# [ACTIVITY]
Give the data again exactly as written, without any of its pictures.

# [RAW DATA]
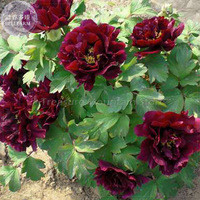 'Wizths Black' Peony Seeds, 5 seeds, professional pack, a must for loving big blooms dark purple flowers E4108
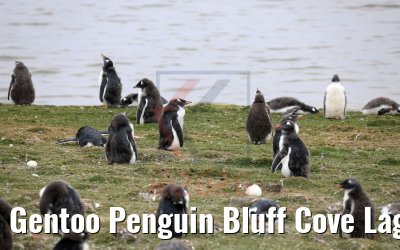 Gentoo Penguin Bluff Cove Lagoon 09.02.2020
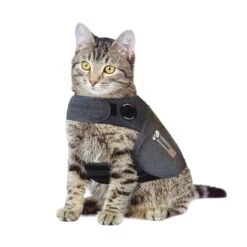 ThunderShirts For Cats-Medium -UPCO Popular Shop ThunderShirt for Cats Small 07572a2f 1382 433e 8169 276cc7d27d6b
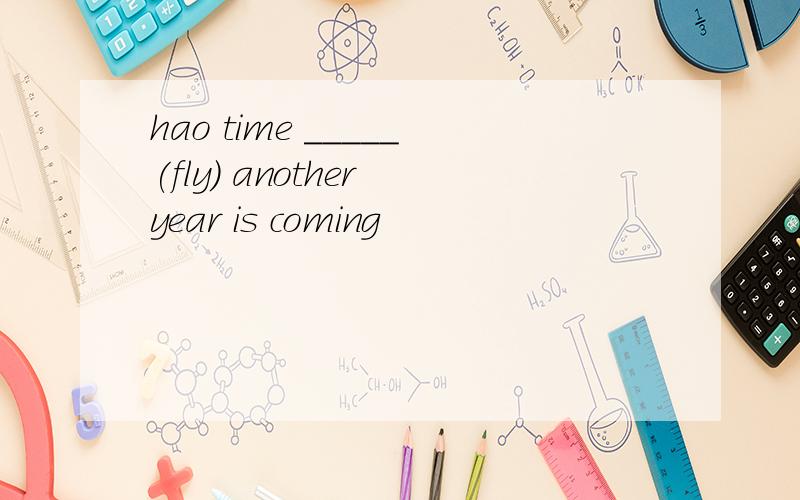 hao time _____(fly) another year is coming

# [PROBLEM SOLUTION]
 'Wizths Black' Peony Seeds, 5 seeds, professional pack, a must for loving big blooms dark purple flowers E4108
 Gentoo Penguin Bluff Cove Lagoon 09.02.2020
 ThunderShirts For Cats-Medium -UPCO Popular Shop ThunderShirt for Cats Small 07572a2f 1382 433e 8169 276cc7d27d6b
 hao time _____(fly) another year is coming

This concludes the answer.